Work Orders II - the SQL

The SQL! Get it – “sequel”?!?! Because this is a continuation of my previous post! Ahhh…PDM humor is there any better?

That joke is the only reason I broke the post up into more than one entry.

We now have a work order. This work order “file” can have its own EPDM workflow, so you can push it around within your organization. Now you can track the requisitioning process. Hopefully you came up with that ideal yourself, but let me show you some other cool things we can do.

You can take the sub assembly(ies) that represents the workflow and paste it as a reference. Now you have a nice BOM.

NiceBOM

What if you want more than one of these assemblies made?

Do a quantity override! Remove the “As built” (make sure the work order is checked out) and change the quantities.

QtyChange

Switch to “parts mode” and let EPDM do all of that hard multiplication for you!

PartsNetted

Now your engineering data can stay “as designed” and other departments can have records of how your assemblies were requisitioned. All within SOLIDWORKS Enterprise PDM.

Sometimes a work order is only a partial release of an assembly. That situation really isn’t any different than the sub  assembly concept, because you can paste as reference many files to the work order as you want.

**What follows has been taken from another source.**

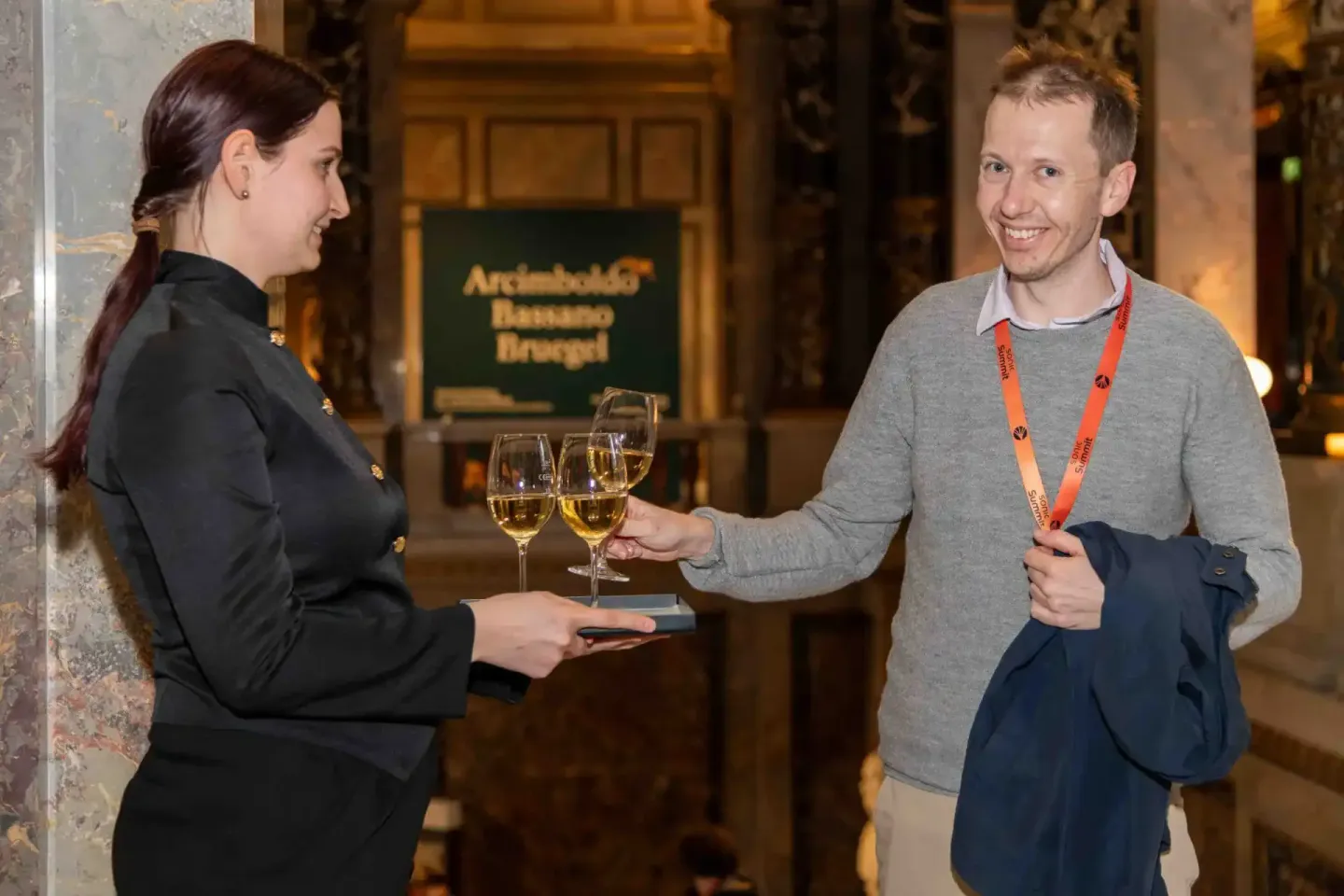 Eventfotograf dokumentiert Networking-Moment beim Sonic Summit mit zwei Personen beim Anstoßen mit Weingläsern in eleganter W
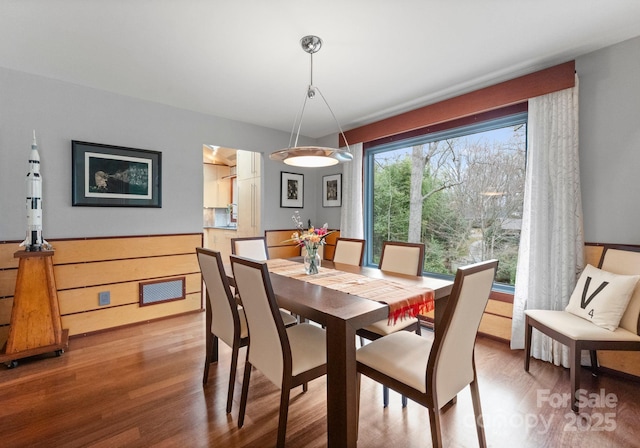 dining room with wood finished floors and visible vents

If you do only parts, obviously the needed quantities will need to be manually entered, just do a quantity override and you can trickle your assembly’s requisitions one part at a time if you wanted to. [The Engineering Data Specialist Man cannot be held responsible for the nasty phone calls you will receive from your purchasing agent.]

Push your work order through a workflow, sit back and enjoy the accolades raining down from your co-workers.